Nosotros conocemos esa canción desde la época de las «independencias». No es algo de hoy que nuestros Estados, con su nulo peso económico y, por tanto, con su nula influencia, estén como atrapados en unas arenas movedizas. El mínimo gesto para salir de un apuro les hunde más aún y nosotros mismos quedamos reducidos a ser los espectadores alelados de nuestra deriva. Eso se llama exactamente irse al infierno. Si nuestros ojos siguen pegados al horizonte, es menos para lanzarnos a su conquista que para esperar febrilmente una mano caritativa. Exhaustos, acabamos teniendo la impresión que nos la tienden. Una simple ilusión óptica: nunca está ahí cuando intentamos aferrarla. Y cuando se nos emplaza a elegir entre «la democracia» y «la dictadura», apenas osamos murmurar que no es probable que las cosas sean tan sencillas.

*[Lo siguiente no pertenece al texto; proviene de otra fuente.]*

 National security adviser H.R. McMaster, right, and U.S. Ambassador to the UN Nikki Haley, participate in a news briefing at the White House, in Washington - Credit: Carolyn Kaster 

Cuando se nos emplaza a elegir entre «la democracia» y «la dictadura», apenas osamos murmurar que no es probable que las cosas sean tan sencillas

Todo empezará a cambiar quizás el día en que nuestros dirigentes comprendan que en la historia de las naciones nadie ha acudido jamás a socorrer a nadie. Hace poco Aminata Traoré revelaba en un hermoso texto dedicado a la tragedia mediterránea la ineptitud fundamental de Occidente para el diálogo. ¿Por qué plegarse a las órdenes de quienes sólo saben oír en los demás el eco de su propia voz?

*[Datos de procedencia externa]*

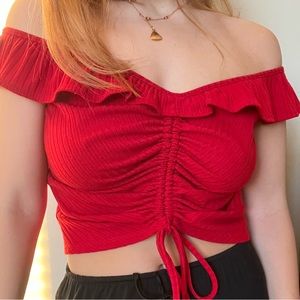 Guess Tie Off The Shoulder Cropped Top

En La aventura ambigua, una novela suntuosa y profética de Cheikh Hamidou Kane, el pueblo de los diallobé decide, después de una larga controversia, enviar a sus niños a «la escuela extranjera» porque, dicen, ha llegado el momento de ir a casa del conquistador para aprender allí «el arte de vencer sin tener razón». Y lo que acaba por entender Samba Diallo, el joven protagonista del libro, es que, justamente, si bien hay mucho que coger por todas partes, no hay nada que se pueda aprender en ningún lugar, y que cada nación, por pequeña que sea, debe estar lo bastante loca como para situarse en el centro del mundo y sentirse bien allí.

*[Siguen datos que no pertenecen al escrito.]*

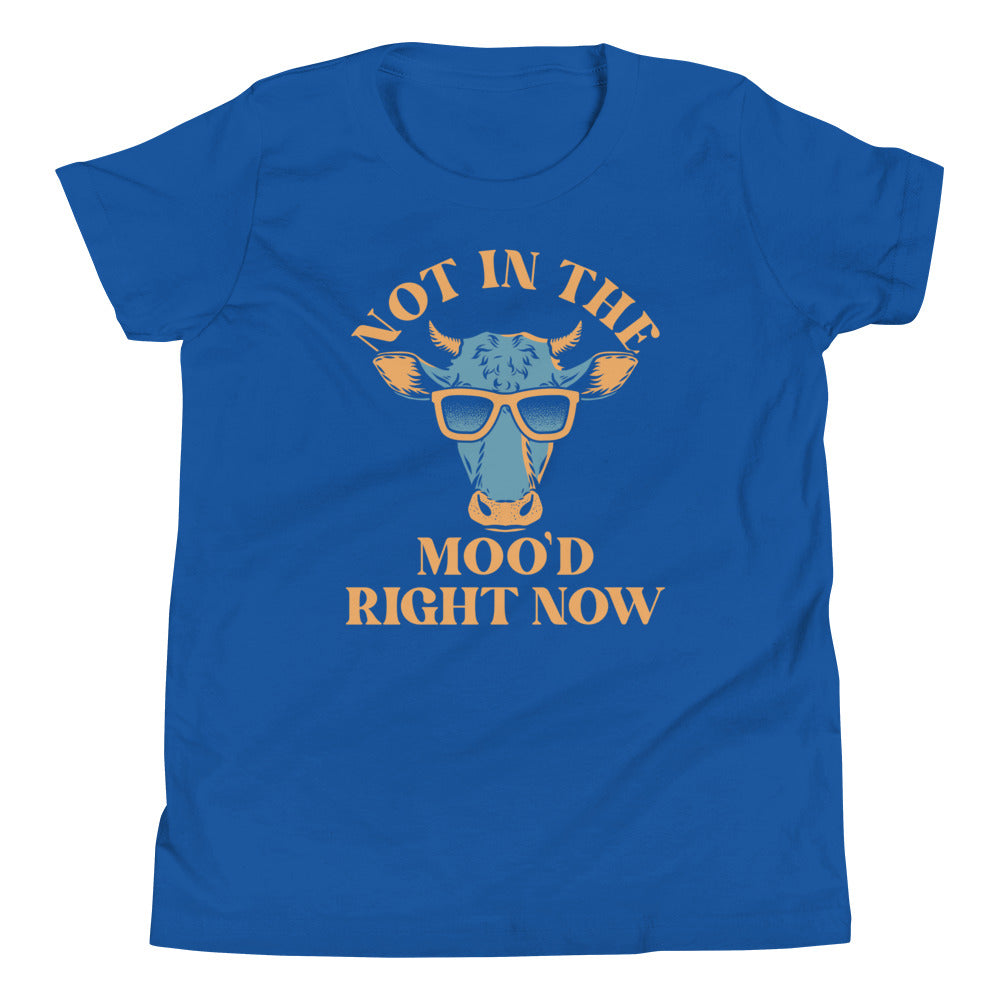 Not In The Moo'd Right Now Kid's Youth Tee Hoodie, Sweatshirt | PureTeeCo.com (Image 4)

Al final, lo que está en juego con nuestra total autonomía de pensamiento y acción es nuestra propia supervivencia. Esto también vale para aquellos que a veces parecen haberse equivocado de primavera. Es fascinante ver hasta qué punto la lucha por las libertades del individuo, tan noble en sí misma, puede servir de palanca para esclavizar a toda una nación. Pero eso no es una fatalidad predestinada, como muestra bien el ejemplo latinoamericano. Que la vida tenga piernas largas también quiere decir que jamás hay que cansarse, en palabras de Césaire, de «volver a empezar el fin del mundo».